The mathematical universe hypothesis
I was quite fascinated by all these mathematical clues back in grad school. One Berkeley evening in 1990, while my friend Bill Poirier and I were sitting around speculating about the ultimate nature of reality, I suddenly had an idea for what it all meant: that our reality isn't just described by mathematics – it is mathematics, in a very specific sense. Not just aspects of it, but all of it, including you.
My starting assumption, the external reality hypothesis, states that there exists an external physical reality completely independent of us humans. When we derive the consequences of a theory, we introduce new concepts and words for them, such as “protons”, “atoms”, “molecules”, “cells” and “stars”, because they're convenient. It's important to remember, however, that it's we humans who create these concepts; in principle, everything could be calculated without this baggage.
But if we assume that reality exists independently of humans, then for a description to be complete, it must also be well-defined according to non-human entities – aliens or supercomputers, say – that lack any understanding of human concepts. That brings us to the Mathematical Universe Hypothesis, which states that our external physical reality is a mathematical structure.
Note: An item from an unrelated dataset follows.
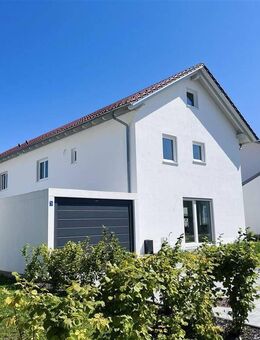 Moderne Doppelhaushälfte mit Garten & Garage im familienfreundlichen Neubaugebiet - Osterhofen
For example, suppose a basketball trajectory is that of a beautiful buzzer-beater that wins you the game, and that you later want to describe what it looked like to a friend. Since the ball is made of elementary particles (quarks and electrons), you could in principle describe its motion without making any reference to basketballs:
Particle 1 moves in a parabola.
Particle 2 moves in a parabola.

Particle 138,314,159,265,358,979,323,846,264 moves in a parabola.
That would be slightly inconvenient, however, because it would take you longer than the age of our Universe to say it. It would also be redundant, since all the particles are stuck together and move as a single unit. That's why we humans have invented a word “ball” to refer to the entire unit, enabling us to save time by simply describing the motion of the whole unit once and for all.
The ball was designed by humans, but it's quite analogous for composite objects that aren't man-made, such as molecules, rocks and stars: inventing words for them is convenient both for saving time, and for providing concepts in terms of which to understand the world more intuitively. Although useful, such words are all optional baggage.
All of this begs the question: is it actually possible to find such a description of the external reality that involves no baggage? If so, such a description of objects in this external reality and the relations between them would have to be completely abstract, forcing any words or symbols to be mere labels with no preconceived meanings whatsoever. Instead, the only properties of these entities would be those embodied by the relations between them.
To answer this question, we need to take a closer look at mathematics. To a modern logician, a mathematical structure is precisely this: a set of abstract entities with relations between them. This is in stark contrast to the way most of us first perceive mathematics – either as a sadistic form of punishment, or as a bag of tricks for manipulating numbers.